Same as above, but keep it connected and only disconnect it after a certain period of inactivity: Will cause problems because the amount of sql connections is limited and will also limit the amount of users of your application.
Keep the entities detached and only attach them every 10 minutes, say, to commit the changes: Will cause problems because of stale data in the detached entities. You will have to track changes yourself, which makes you end up with a piece of code that looks like the session itself.
It would be useless to go into more detail now, because I would just repeat the manuals/tutorials/book. When you use a session per request, you probably won't have problems in 99% of the application you describe (and maybe not at all). Session is a lightweight not threadsafe class, that to live a very short. When you want to know exactly how the session/connection/caching/transaction management works, I recommend to read a manual first, and than ask some more detailed questions about the unclear subjects.

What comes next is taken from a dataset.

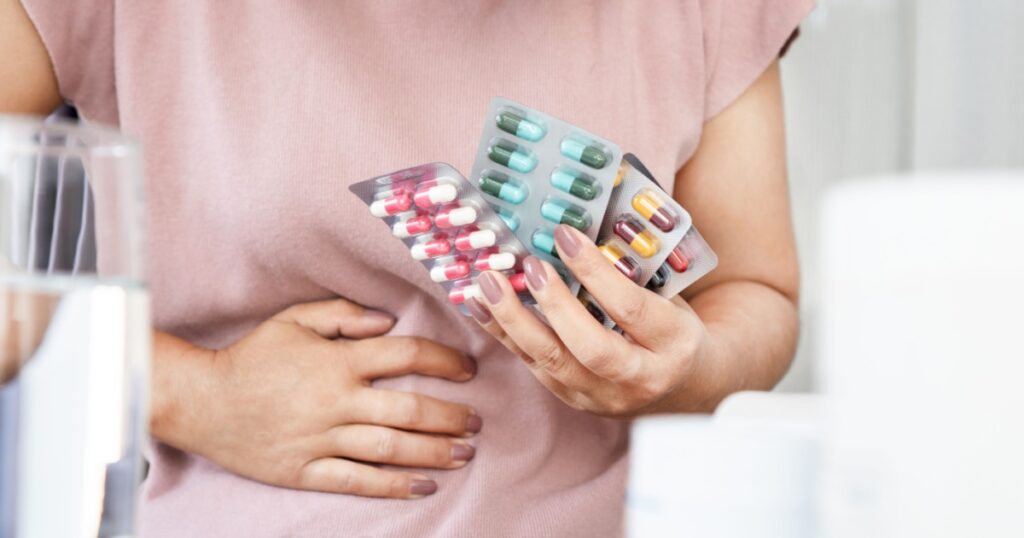 Antibiotic-associated diarrhea (AAD) concept with woman have an upset stomach, side effects from overusing antibiotics medicine often or long-term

Read the 'ISessionFactory' on this page of NHibernate documentation. ISessions are meant to be single-threaded (i.e., not thread-safe) which probably means that you shouldn't be sharing it across users. ISessionFactory should be created once by your application and ISessions should be created for each unit of work. Remember that creating an ISessions does not necessarily result in opening a database connection. That depends on how your SessionFactory's connection pooling strategy is configured.
You may also want to look at Hibernate's Documentation on Session and Transaction.
I would aim to keep everything in memory, and either journal changes or take periodic offline snapshots.
Have a read through NHibernate Best Practices with ASP.NET, there are some very good tips in here for a start. As mentioned already be very careful with an ISession as it is NOT threadsafe, so just keep that in mind.
If you require something a little more complex then take a look into the NHibernate.Burrow contrib project. It states something like "the real power Burrow provides is that a Burrow conversation can span over multiple http requests".